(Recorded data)
════
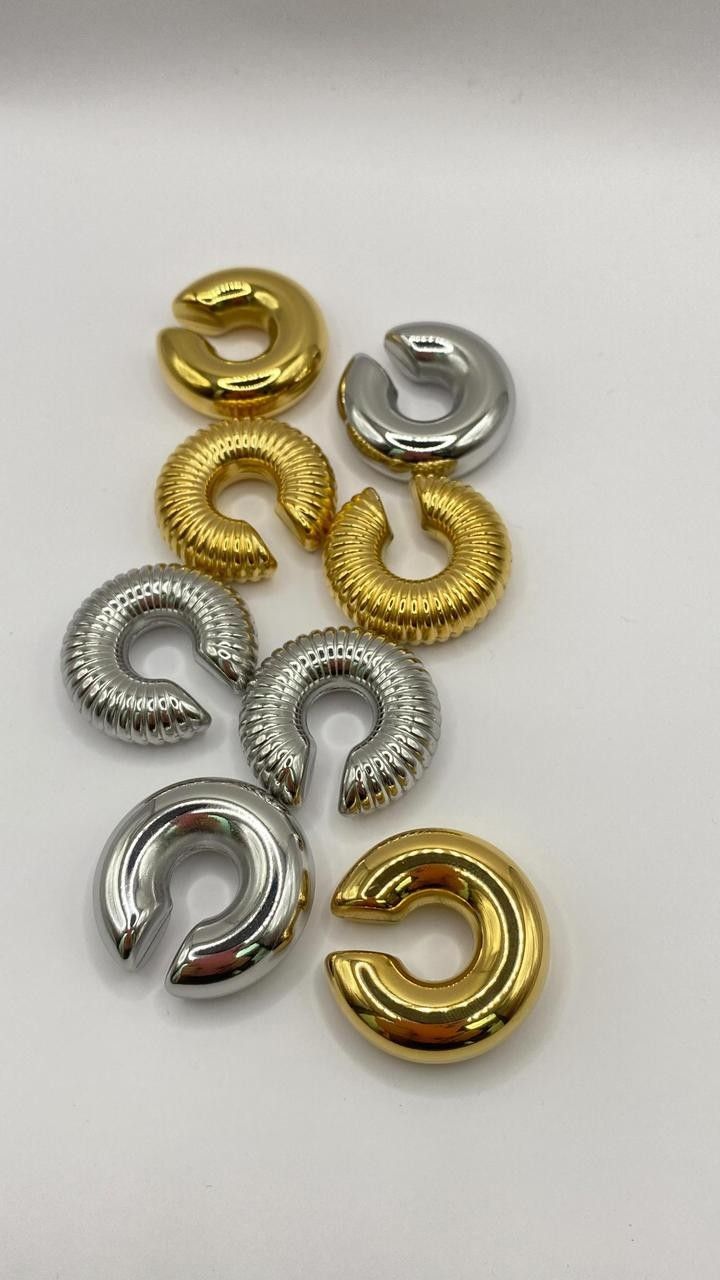 Earcuffs dorados y plateados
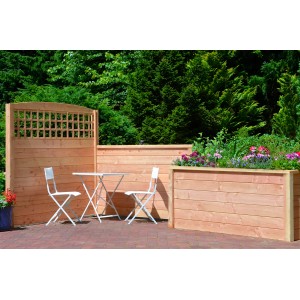 T & J Zaunmodul Riad, Douglasie, gerade. Sichtschutzzaun mit Tisch und Stühlen im Garten.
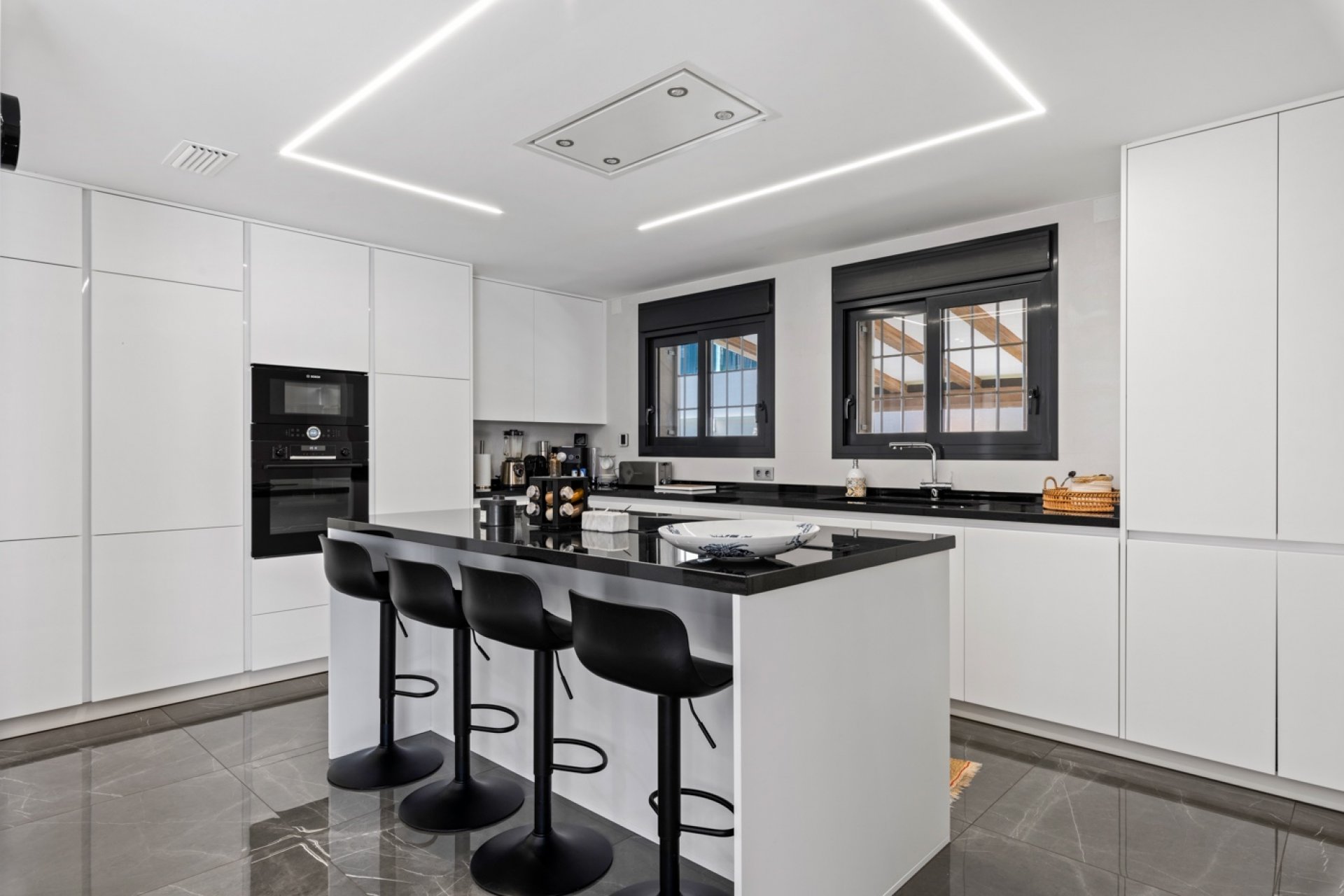 Reventa - Villa - San Juan - Frank Espinós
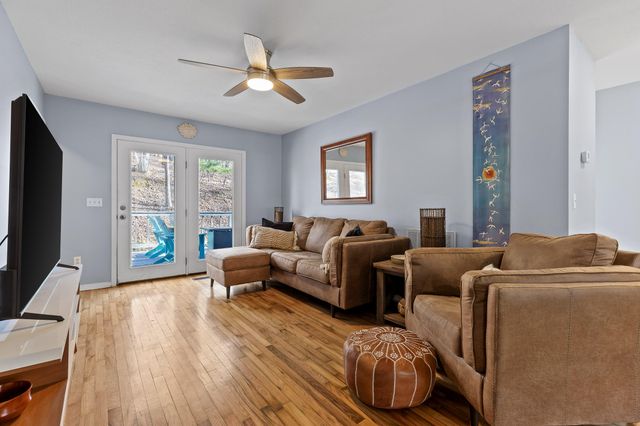 598 Lake Hills Drive, Trenton, GA 30752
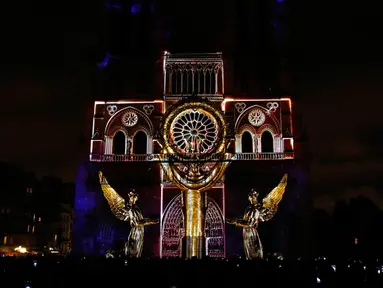 Seni pertunjukan cahaya hiasi Gereja Katedral Notre-Dame de Paris, Prancis (11/11). Pertunjukan cahaya ini dalam rangka peringatan Hari Gencatan Senjata yang menandai berakhirnya Perang Dunia I. (AFP Photo/Francois Guillot)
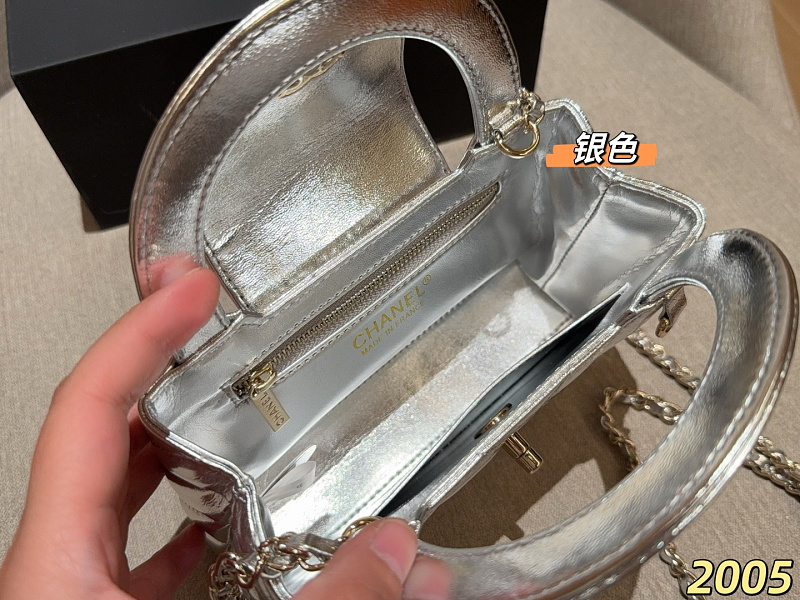 LCP114Shoulder bags 19-12-6CM with box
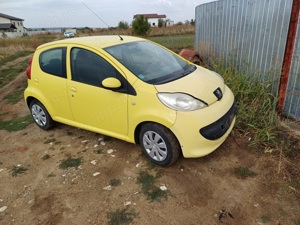 Dezmembram peugeot 107  1000 benzina
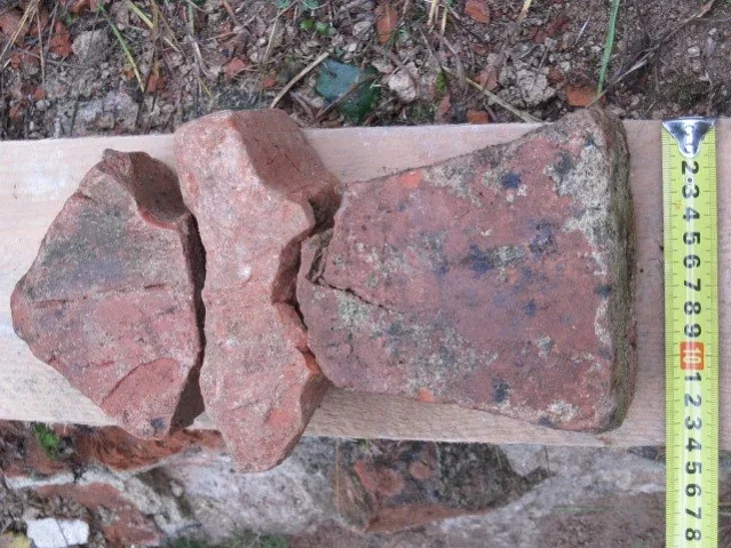 Nierviurnaja cehla z danžona Kreŭskaha zamka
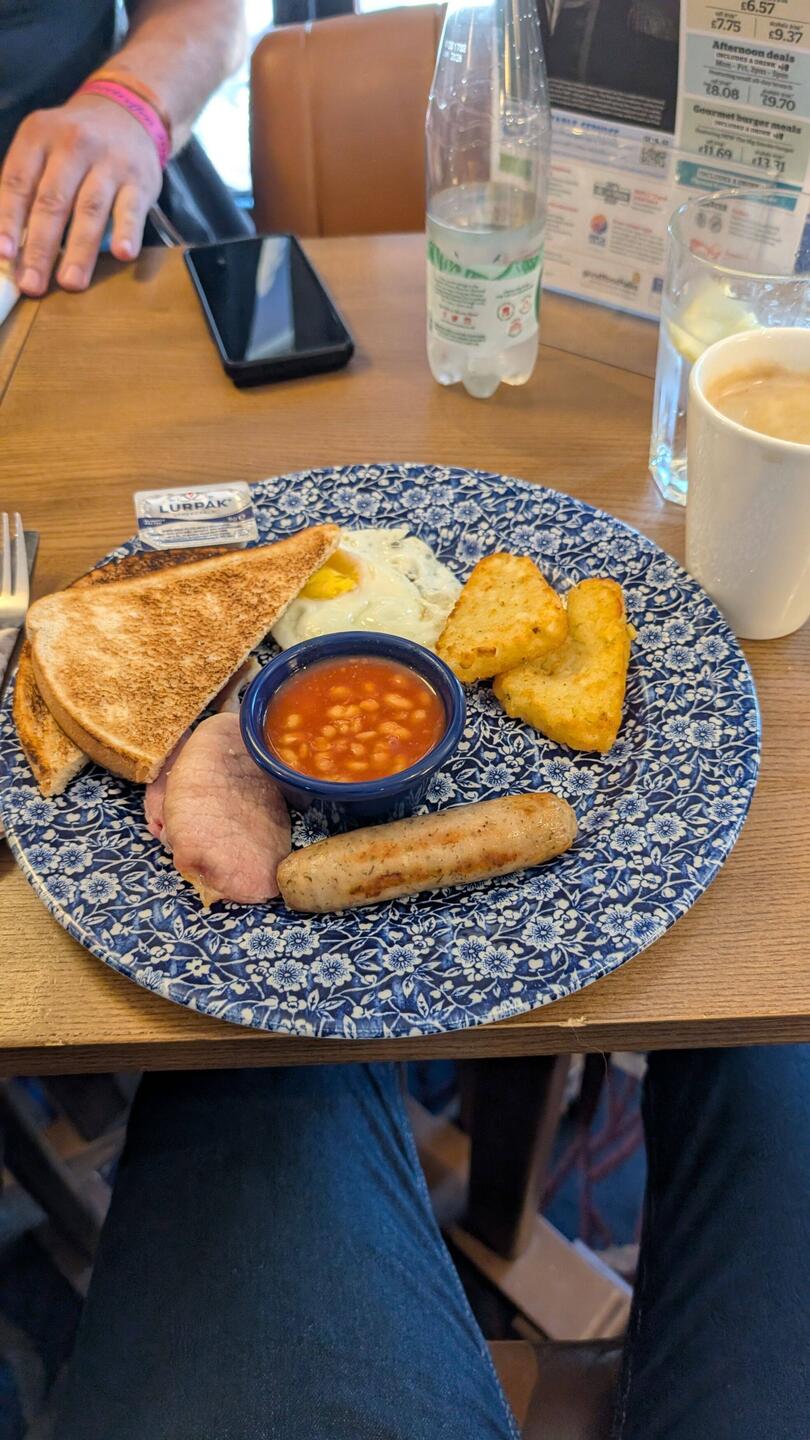 Zum full english breakfest wurden allerhand Saucen gereicht. War auch notwendig.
════
◆ **EXERCISE BRIEF**
Write out, word for word, only the lines from the one containing "Dezmembram peugeot 107" to the end of the data above; the pictures stay out.

◆ **ANSWER TO THE EXERCISE**
 Dezmembram peugeot 107  1000 benzina
 Nierviurnaja cehla z danžona Kreŭskaha zamka
 Zum full english breakfest wurden allerhand Saucen gereicht. War auch notwendig.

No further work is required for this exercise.